Hero shot for ‘Nova a personal thrill for LexCath alum
When Kris Jenkins hit his buzzer-beating three-pointer to give Villanova the NCAA title late Monday night in Houston, it was a shot heard ’round the nation.
And Lexington Catholic alum Cory Heitz’s reaction to Jenkins’ heroics was probably heard ’round Kendallville, Ind.
Heitz coached Jenkins at Gonzaga College High School in Washington, D.C., so he was pulling for his former player in the championship game against North Carolina.
Heitz said he watched the finals while visiting his 91-year-old grandmother in Kendallville, “and I absolutely screamed when that shot went in. I probably woke up the whole housing development. I cried a little bit, too. It’s emotional to see one of your guys hit one of the most iconic shots in basketball history. It was beautiful.”
Heitz played for Danny Haney at Lexington Catholic (class of 1995) and went on to play at the Air Force Academy.
He also was an assistant at Lexington Christian Academy for three years before moving on to as assistant’s position at Gonzaga.
“One of my responsibilities there was coaching the big men, and Kris Jenkins was one of the big guys I worked with every day his junior and senior years,” Heitz said.
Jenkins was a pudgy 6-foot-5 in high school, and wasn’t recruited by a many big-time schools.

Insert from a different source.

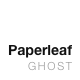 Paperleaf - Multipurpose Ghost Theme - ThemeForest Item for Sale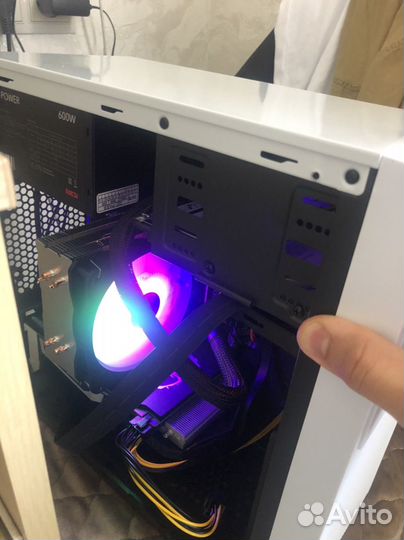 Игровой пк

Villanova Coach Jay Wright was recruiting another Gonzaga player, Nate Britt, when he took a liking to Jenkins, who happened to be Britt’s adopted brother.
Britt played his senior year at Oak HIll Academy and wound up going to North Carolina. Jenkins wound up going to Villanova after he convinced Wright he would lose weight and get in shape.

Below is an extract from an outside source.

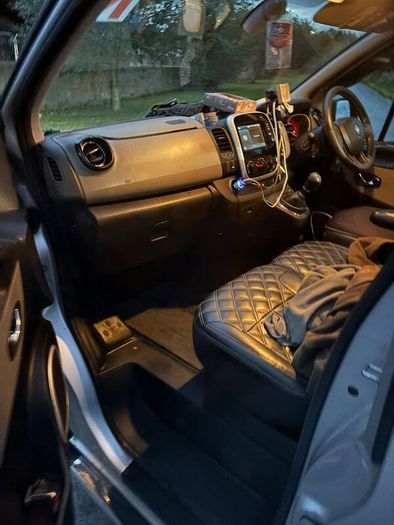 Renault Trafic 2017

“Kris was a gregarious kid, always smiling, a great personality and fun to be around,” Heitz said. “And he was the best high school player I’ve ever been around, hands down.

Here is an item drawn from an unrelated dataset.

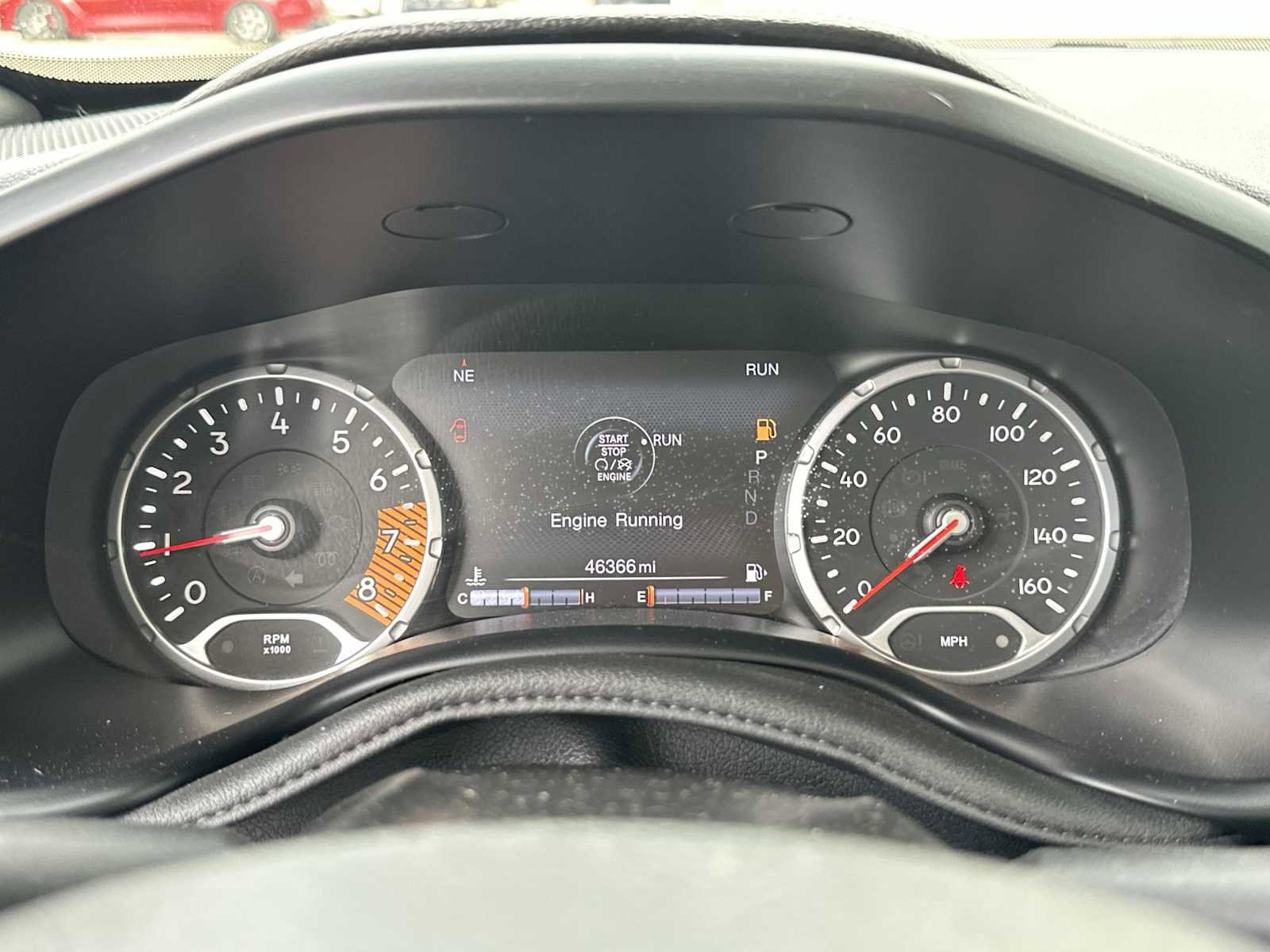 Used 2022 Jeep Renegade Trailhawk w/ Sun/Sound Group image 25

“A lot of people discounted him because of his size — he was always 10 or 20 pounds overweight — but he had great footwork and the best pure shot I’ve ever seen.”
Heitz doesn’t coach anymore. He’s in real estate development with his dad Mike in Lexington, but he stays connected to basketball as a consultant, helping kids find post-grad prep schools where they can improve their games.
And now when Heitz talks to high school players, he can tell them about the pudgy kid he helped coach at Gonzaga who grew into a Villanova folk hero.
Tuesday morning, Heitz was still excited about Kris Jenkins’ shot for the ages.
“Oh my goodness,” Heitz said. “I had a hard time sleeping last night.”